(Recorded data Opens)
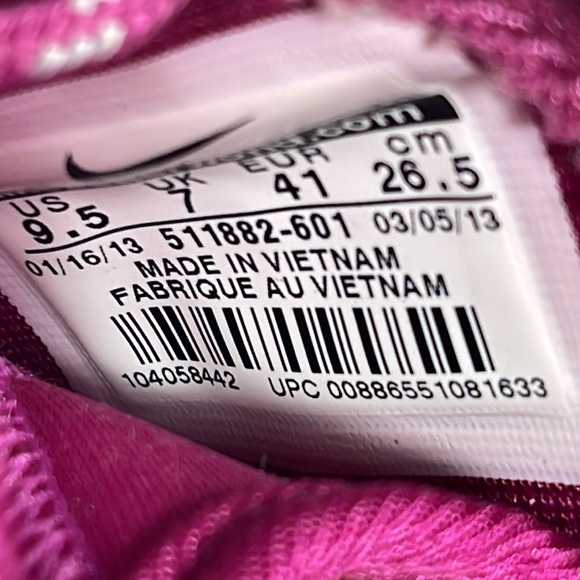 Nike Women’s Roshe Run Running Shoes Size 9.5 - Picture 8 of 8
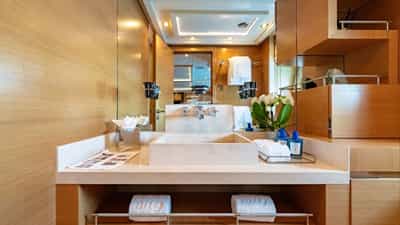 Twin Bathroom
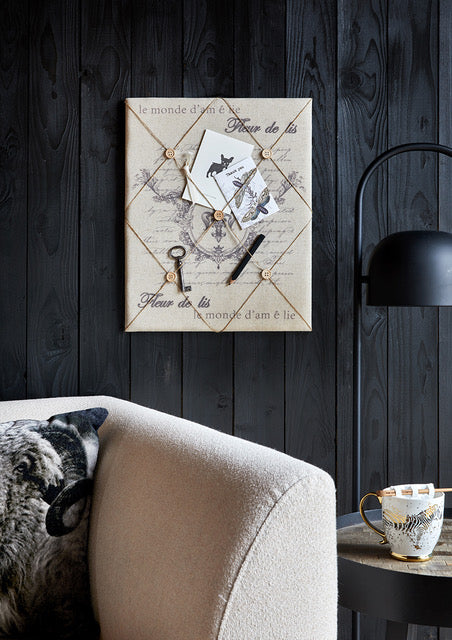 Fleur de Lis teadetetahvel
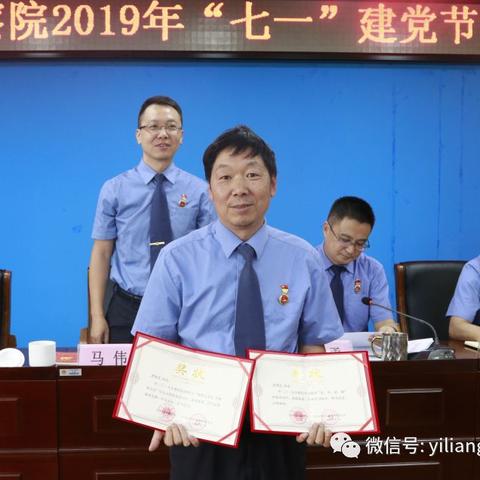 生日拍照姿势大全 生日拍照姿势大全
(Recorded data Closes)
> **Work instructions**: Copy each line above exactly, with no images.

> **Answer**:
 Nike Women’s Roshe Run Running Shoes Size 9.5 - Picture 8 of 8
 Twin Bathroom
 Fleur de Lis teadetetahvel
 生日拍照姿势大全 生日拍照姿势大全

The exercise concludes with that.